その中で、豪州のPacific Patrol Boat Programの最新情報を豪州国防省からヒアリングでき、この情報はオープンであるとの確認が取れたのでこのブログで紹介したい。

多分このブログがPPBPを唯一フォローしているのではないか、と思う。問い合わせも多くいただくし。。

<元の木阿弥>

結論は、2008年頃からあーだこーだと、豪州政府内で議論して来たPPBPは元の姿のまま、ということだ。

1.燃料も人手も足りなく、ほとんど使用されていなかったパシフィックボートは、寿命が来たら廃止ではなくて、新たな同じ大きさの船に差し替える。もちろんコストエフェクティブ且つ最新整備にして。

2.ベルギン博士提案のリジョナルコーディネーションセンターは、ソロモン諸島のFFA内にセンターではなく、リジョナルコーディネーション機能を強化する形で設置する。例えばサモアのパトロールボートがメンテ中で使用でいない時、サモアの違法操業監視を隣国のパトロールボートで実施できるようなコーディネーションを強化。ニウエ条約の強化ですね。

3.上空からの監視はF-35 Joint Strike Fightersみたいなのではなく、現地の民間飛行機会社と契約し、実施する。一日2−3千ドルで済むそうだ。

http://blog.canpan.info/yashinomi/archive/758

4.権限を国境警備局に移行させようとしたのはとうとうあきらめて、結局国防省が管轄する。

この情報をいただいた国防省の方に、「元の木阿弥ですね」と言いたかったがこの英語を知らないので、go back to where it has started, と思わず返してしまった。

パラノイアなダウンアンダー>

PPBPを巡る豪州政府の過去5年の経緯を、隅々まで知っている当方にとっては、感慨深い。

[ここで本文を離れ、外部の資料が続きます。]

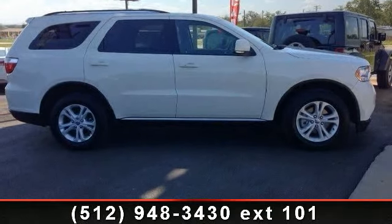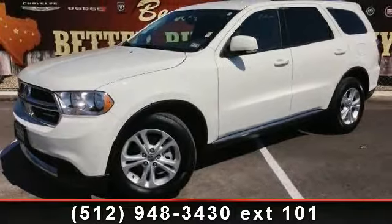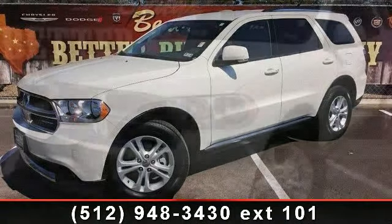This vehicle shows low mileage and has a smooth ride. Let us put you in the driver's seat today. Call or click to contact our dealership.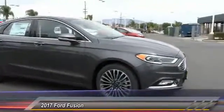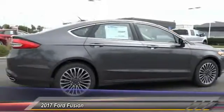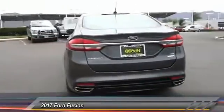2017 Fusion. You can have both impressive power and great economy in a Fusion, priced below $35,000. This vehicle has less than 100 miles.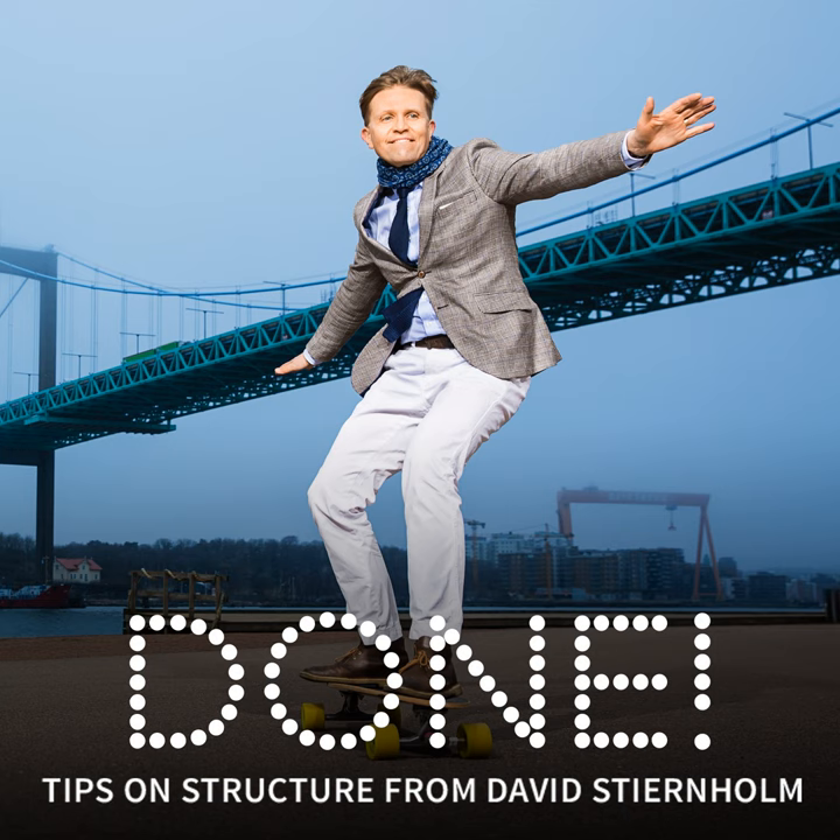That is all for today. I wish you a productive and enjoyable week. Until next Monday, when we're back with a new edition of Done.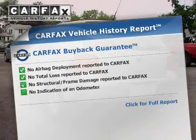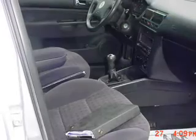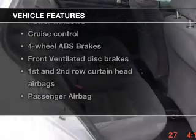This automobile comes with a Carfax report, which reduces your buying risk by providing the vehicle's history before you purchase. And with these notable features, you won't want to miss out on the opportunity to own this amazing ride.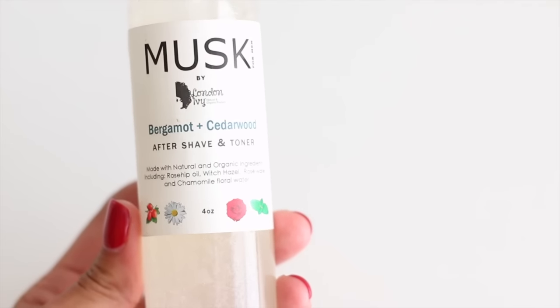The next product is called Musk — it's geared toward men because of the smell and its use as an aftershave toner. It has bergamot, cedarwood, rosehip oil, witch hazel, and rose water — really good toner ingredients. You shake it well since it contains oils, then spray it directly on your face after cleansing and shaving. After washing my face, I apply Musk and it's really refreshing — you can instantly feel your skin start to tighten from the astringent properties.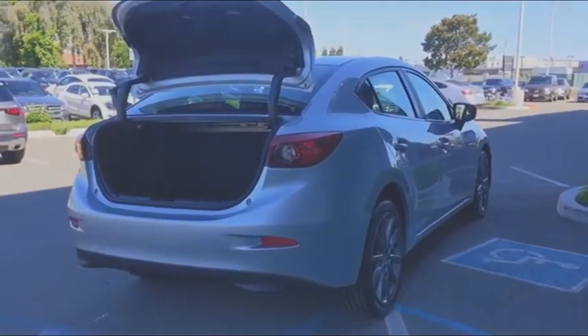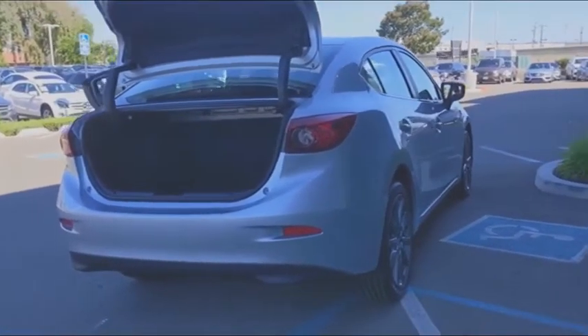Rear defrost. Wouldn't you look great in this vehicle? Stop in today and see for yourself.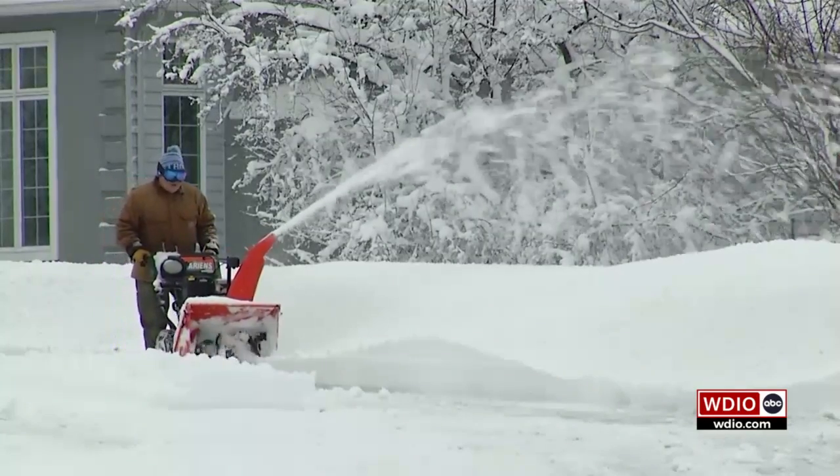Of course, powdered sugar is easier to clean up than a heaping pile of lake effect snow.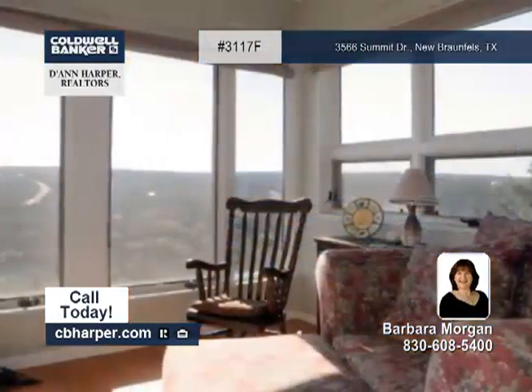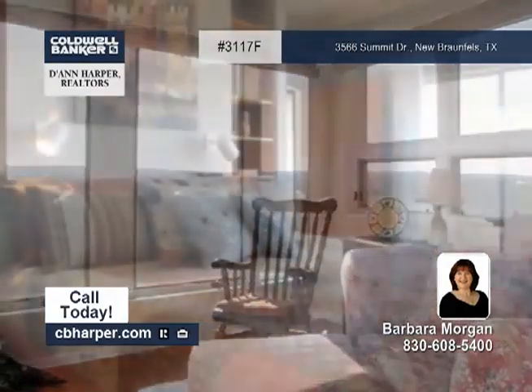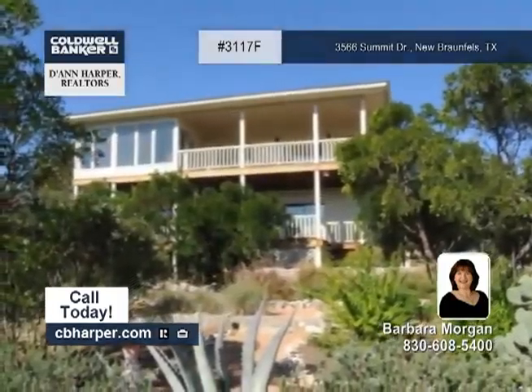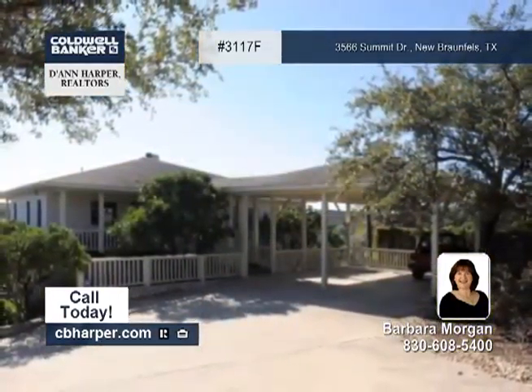Inside you'll find an island kitchen with a pantry, a breakfast bar and custom cabinets. It also has extensive landscaping and a sun porch. Come enjoy the peace and quiet with Barbara.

省庁間の縄張り争いは日本だけの事ではないんだなー、とか、多々学ばせていただいた。

2008年5月羽生会長がマーシャル諸島で太平洋の海洋安全保障をやるぞ!とのろしを上げたと同時、豪州海軍はPPBPなんてやってられません!海軍はお魚を守るためにあるのではありません!というレターを政府に出していた。後にこのような判断は国防省がするものではありませんでした、ごめんなさい、とのレターも出している。

まさにその時、笹川平和財団が太平洋の海洋安全保障に乗り出した、との噂がインターネットで即時に太平洋全域に流れ、日本が太平洋を乗っ取ろうとしている、という話になった。嘘みたいだけど本当の話。これ、豪州のパラノイア的リアクションを見た初めての経験。ダウンアンダーの豪州にとって日本て脅威なんです。いや世界第3位の経済大国が動く、というのはどこにとっても「脅威」なんだと思う。日本人にその認識がない事の方が問題のようだ。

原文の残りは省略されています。